## Provided data
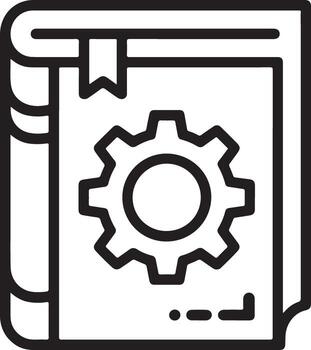 Open book icon with gear symbol representing technical manuals and engineering knowledge vector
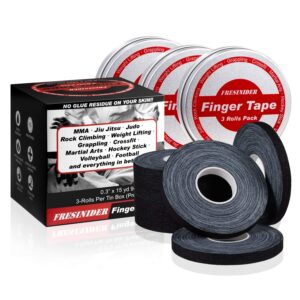 FRESINIDER Finger Tape - Strong Athletic Tape | 0.3” x 45 Feet (9 Pack) Tin Set | No Sticky Residue | for Rock Climbing, BJJ Jiu Jitsu, Grappling, Judo, MMA, Rock Climbing and Martial Arts (Black)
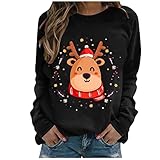 TTWOMEN Weihnachten Damen Langarm Pullover Tops Herbst/Winter Casual Print Loose Fit Sweatshirt B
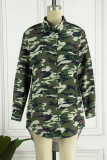 Camouflage Casual Camouflage Print Patchwork Umlegekragen Hemdkleid Kleider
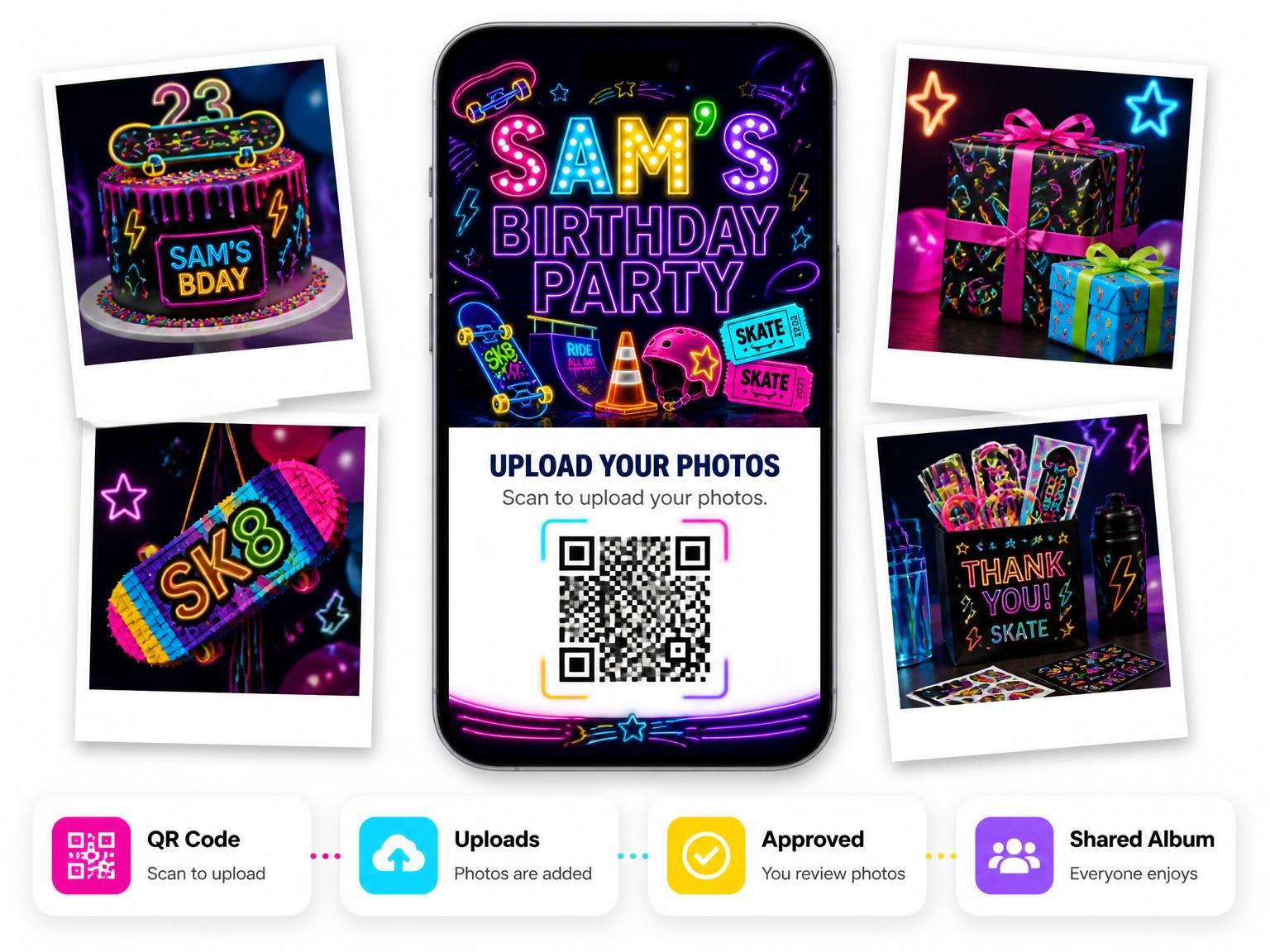 The shared photo gallery that comes with the Neon Skateboard 23rd Birthday Invitation invitation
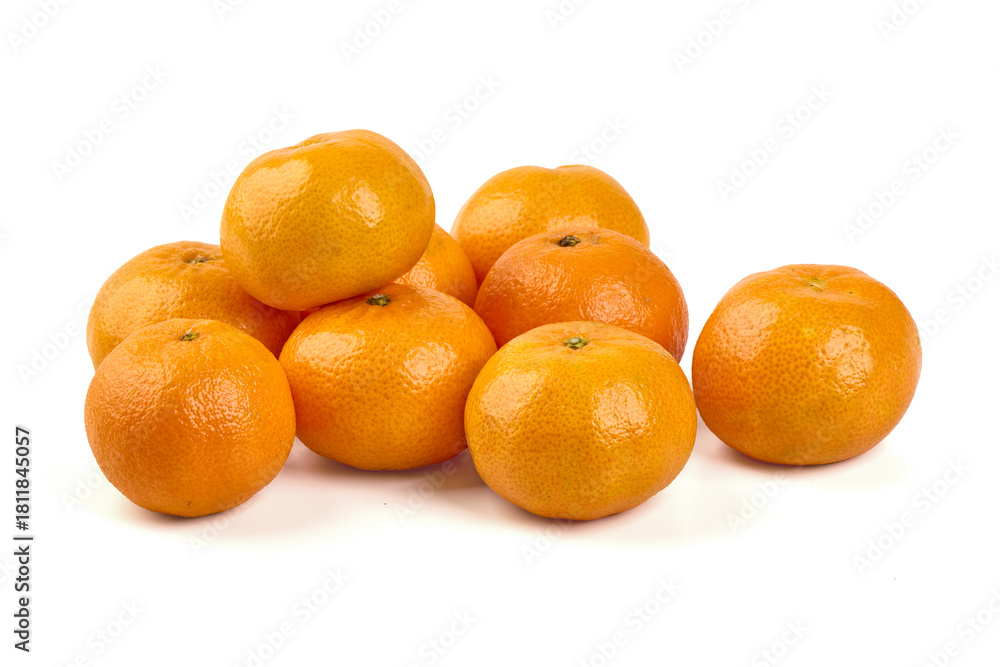 Fototapeta premium Tangerines Pile, Citrus Fruits, isolated on white background
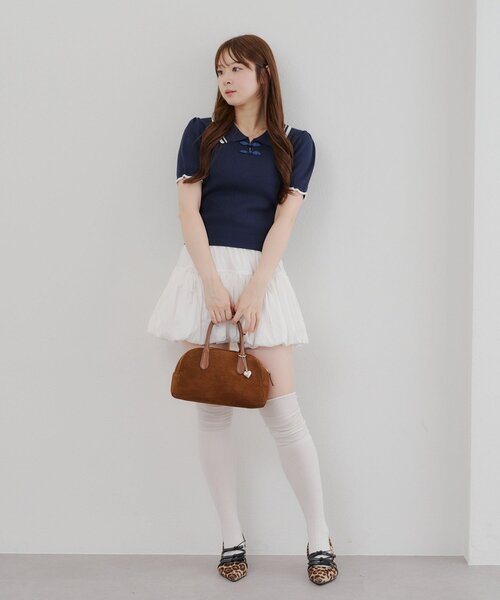 Another Branch olive des olive（アナザーブランチオリーブデオリーブ）の「チャイナポロニット（Tシャツ/カットソー・レディース・ネイビー/アイボリー/トップグレー・FREE）」の19枚目の写真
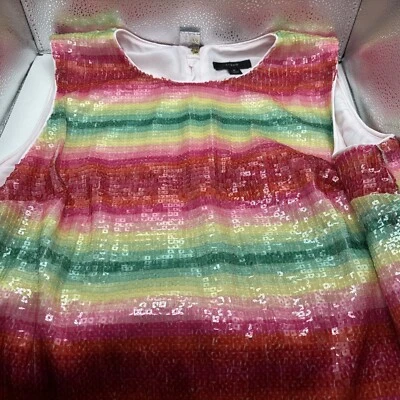 JCREW COLLECTION LENTEJUELAS SIN MANGAS TOP SANDÍA RAYAS ARCO IRIS MUJER S ¡Como nuevo! Foto 1 de 4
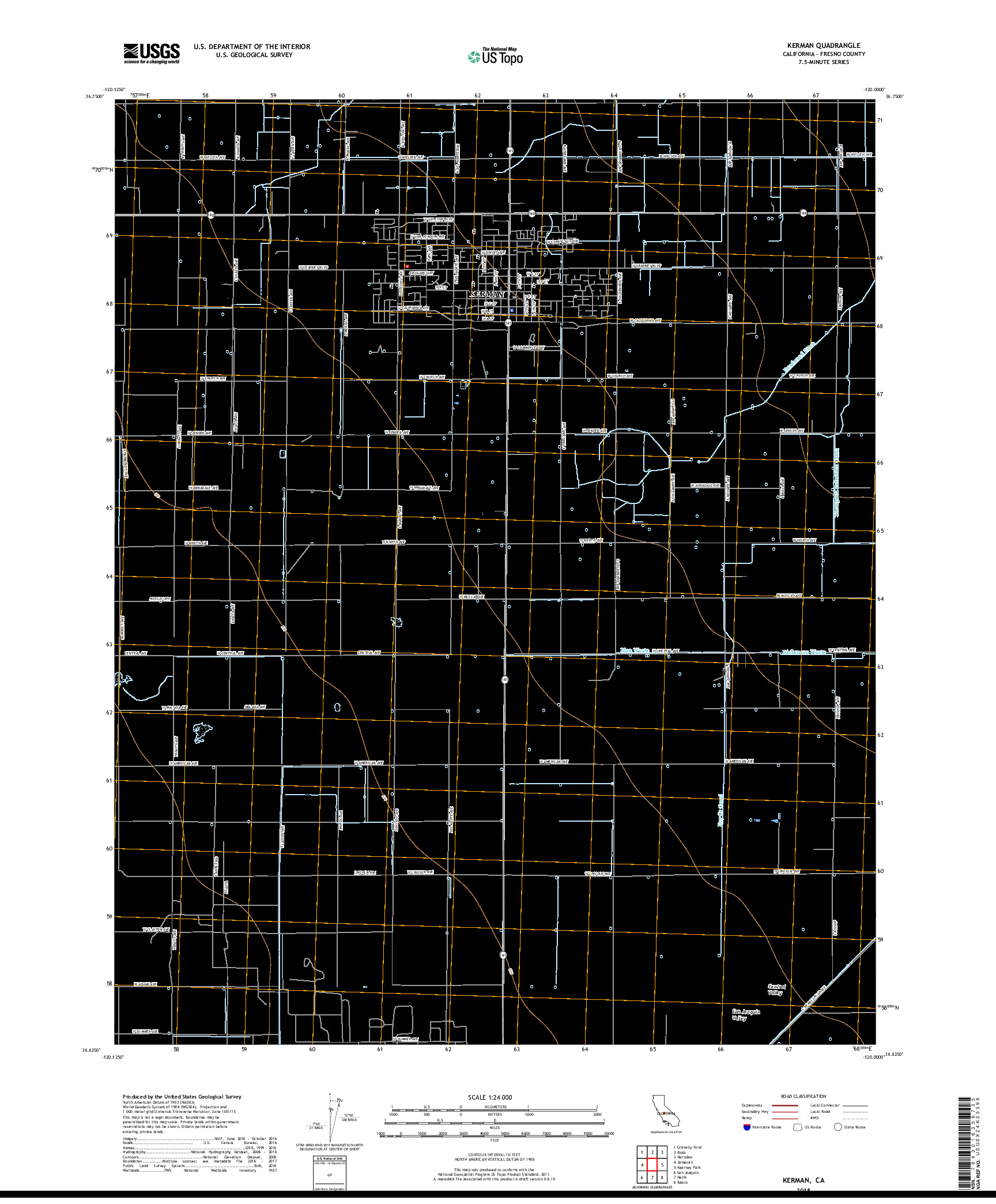 USGS US TOPO 7.5-MINUTE MAP FOR KERMAN, CA 2018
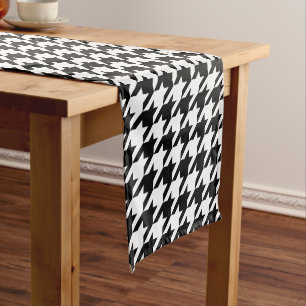 Houndstooth classic weaving pattern short table runner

## Problem requirements
Every record above should be duplicated precisely, with the images removed.

## Result of the exercise
 Open book icon with gear symbol representing technical manuals and engineering knowledge vector
 FRESINIDER Finger Tape - Strong Athletic Tape | 0.3” x 45 Feet (9 Pack) Tin Set | No Sticky Residue | for Rock Climbing, BJJ Jiu Jitsu, Grappling, Judo, MMA, Rock Climbing and Martial Arts (Black)
 TTWOMEN Weihnachten Damen Langarm Pullover Tops Herbst/Winter Casual Print Loose Fit Sweatshirt B
 Camouflage Casual Camouflage Print Patchwork Umlegekragen Hemdkleid Kleider
 The shared photo gallery that comes with the Neon Skateboard 23rd Birthday Invitation invitation
 Fototapeta premium Tangerines Pile, Citrus Fruits, isolated on white background
 Another Branch olive des olive（アナザーブランチオリーブデオリーブ）の「チャイナポロニット（Tシャツ/カットソー・レディース・ネイビー/アイボリー/トップグレー・FREE）」の19枚目の写真
 JCREW COLLECTION LENTEJUELAS SIN MANGAS TOP SANDÍA RAYAS ARCO IRIS MUJER S ¡Como nuevo! Foto 1 de 4
 USGS US TOPO 7.5-MINUTE MAP FOR KERMAN, CA 2018
 Houndstooth classic weaving pattern short table runner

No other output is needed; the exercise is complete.